Today wasn't as interesting, just follow the rules and make sure you're not off by one (as there are usually two, but sometimes on score being appended).

Day 15

A little overwhelmed today, to be honest. Just simulation really, but Lots of rules to follow and things to check and decide on. I'll come back to this one when I have more time..

Day 16

To much stuff to do today :(

Day 17

Had to stop working on this one. Looks like I'll be catching up on a few puzzles over Christmas break.

Day 19

Today's puzzle was strongly based on Day 16, which I had to postponse. So... postponing this one to the break as well.

Day 20

At least got around to day 20 today. The puzzle was essentially a maze which need to be traversed, given as a regex, e.g. ^ENWW|WNEEESSE(EE|N)$. Essentially, we can just go through the regex, "moving" around the maze and counting steps. For every "room", i.e. location, store the number of steps it took to get there. Everytime we see ( (start of new branch), store the current location and distance. Everytime we see | (end of branching path), restore it and continue from there. ) ends the branch, continue.
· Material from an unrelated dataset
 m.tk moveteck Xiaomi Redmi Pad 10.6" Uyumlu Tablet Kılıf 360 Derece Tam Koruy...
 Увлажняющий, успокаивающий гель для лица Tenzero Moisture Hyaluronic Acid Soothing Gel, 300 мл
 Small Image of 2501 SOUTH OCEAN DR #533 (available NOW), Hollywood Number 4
To get the shortest route to each room, in each iteration the number of steps to get to each location is compared to the last time this location was seen. If we found a shorter path, the length of the shortest path is updated.
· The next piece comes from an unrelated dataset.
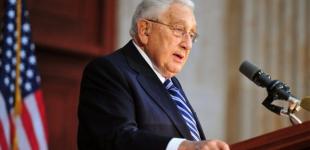 Кіссинджер пророкує росії повну ізоляцію через війну проти України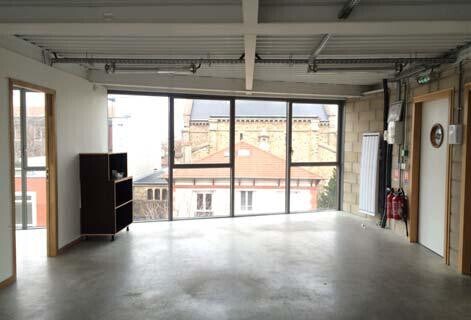 48 Rue Voltaire, Montreuil to rent - Interior Photo - Image 3 of 7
Something with stacks would probably also have worked. I also made something like a map, using the networkx module (see day20_aregularmap_networkx.py). The graph could also be used to get the shortest path using one of the nx.algorithms functions.

Visualization

And this snippet using eval() to turn the regex into a sort of graph may also be useful:

inp = example3 = "^ENNWSWW(NEWS|)SSSEEN(WNSE|)EE(SWEN|)NNN$"
print(inp)

to_python = inp.replace("^", "['").replace("$","']").replace("(","',[['") \
    .replace(")","']],'").replace("|","'],['")
to_python = to_python.replace("[","(").replace("]",")")
evaled_inp = eval(to_python)
print(evaled_inp)

Day 21

Another puzzle based on Day16/Day19, which I haven't even started :(

Day 22

Just for fun: used Emacs today instead of VS Code. Took about 3 hours to set up for python3 with autocompletion, linting, etc. Once you get used to the keyboard chords its actually quite nice, although Code is "smarter" out of the box when it comes to things like indentation.

Back to the task: Today it was another pathfinding puzzle. Having found out about networkx recently, I used it to generate a graph with nodes as the possible valid positions, with the edge weights representing the time to reach said position from a previous node. Initially I tried to make it a bit complicated and calculate the tool changes and movements in one step. In the end I simply split it, adding an edge for a tool change with no movement and an edge for any possible movements without changing tools, in each iteration.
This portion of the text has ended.